● WHAT THE EXERCISE ASKS
Print out every line of the material exactly. Include no pictures.

● DATA
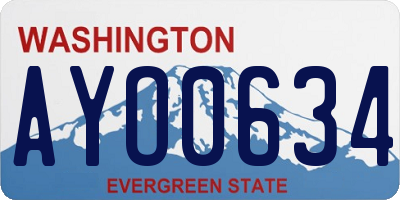 WA license plate AYO0634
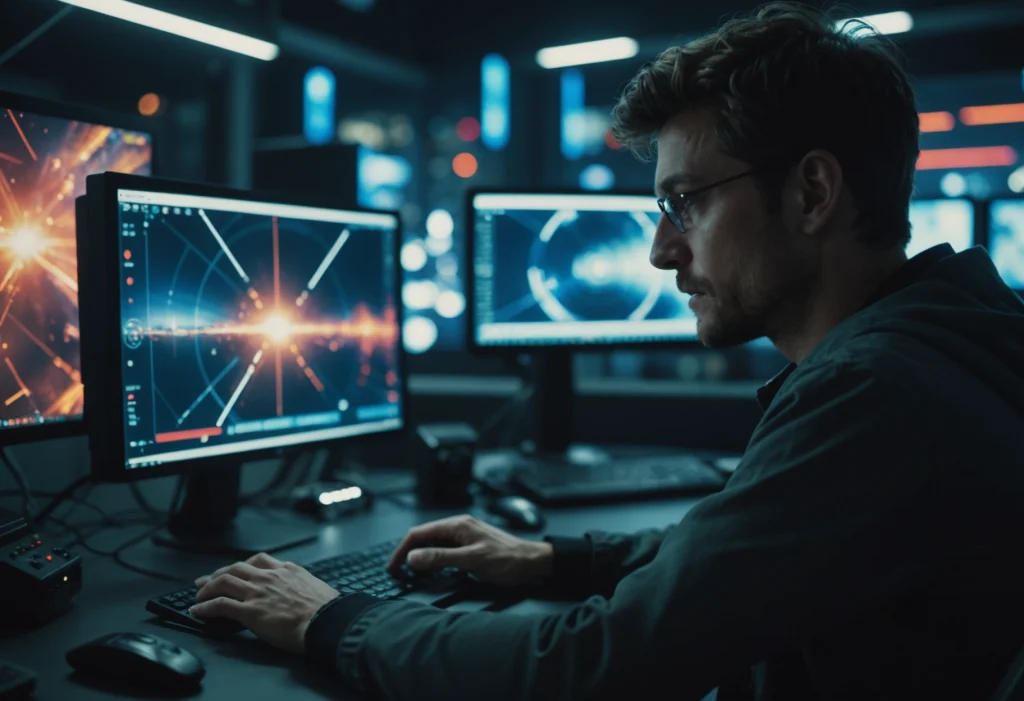 Человек смотрит на экран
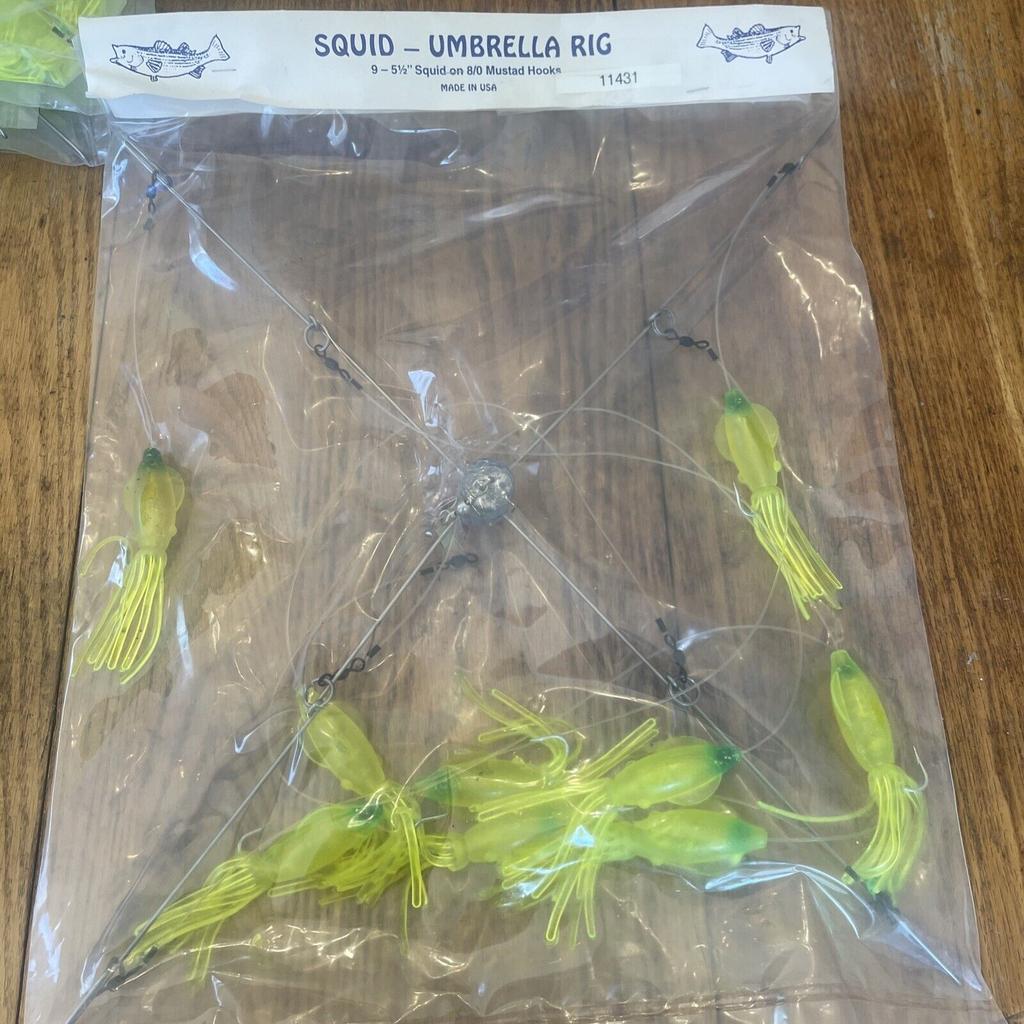 9” Umbrella Rig 4 Arm 11” With 5.5” Squid (9)  8/0 Mustad New Chartreuse Green - Image 1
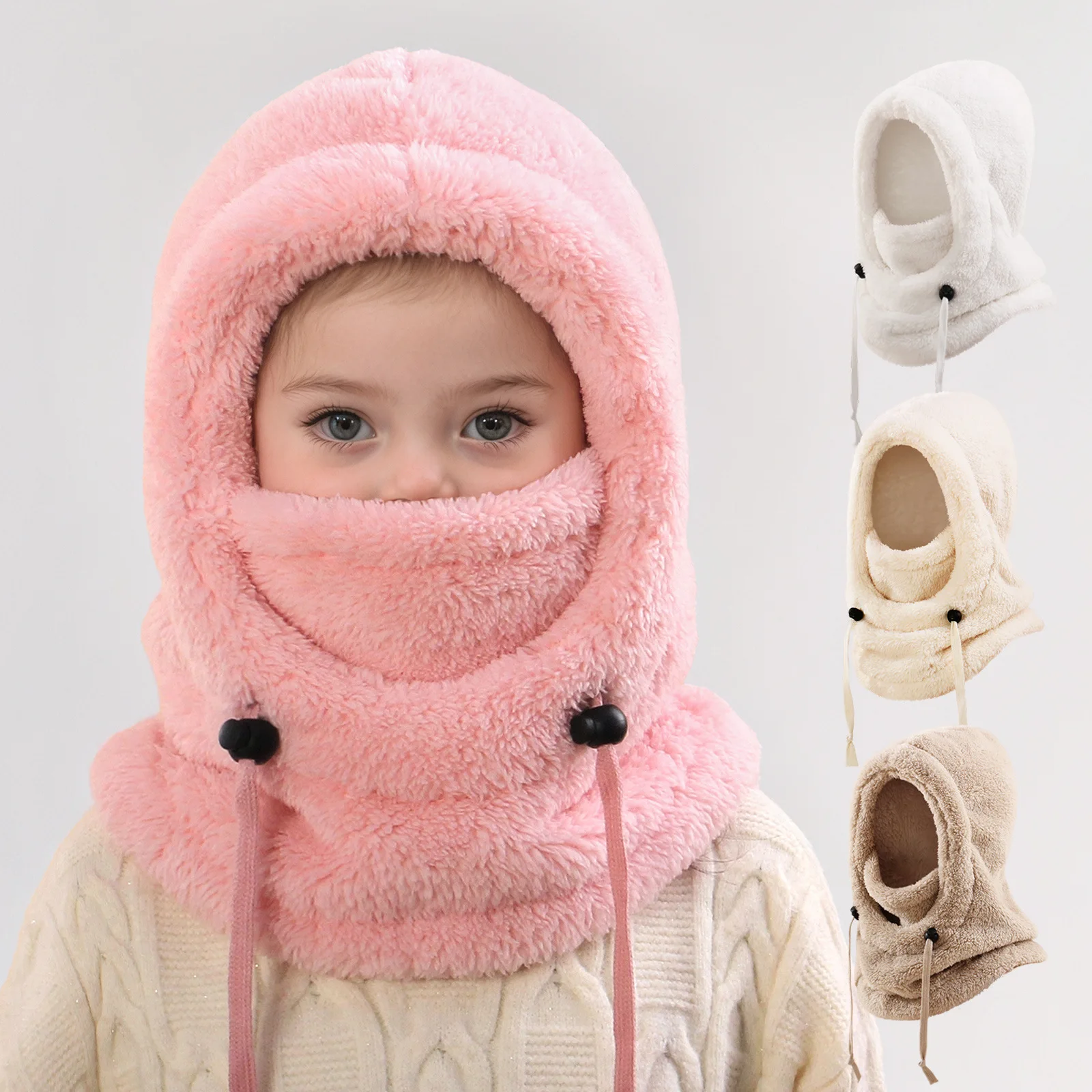 Gorro de felpa con máscara facial para niños – Protección invierno - imagen 2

● EXERCISE OUTPUT
 WA license plate AYO0634
 Человек смотрит на экран
 9” Umbrella Rig 4 Arm 11” With 5.5” Squid (9)  8/0 Mustad New Chartreuse Green - Image 1
 Gorro de felpa con máscara facial para niños – Protección invierno - imagen 2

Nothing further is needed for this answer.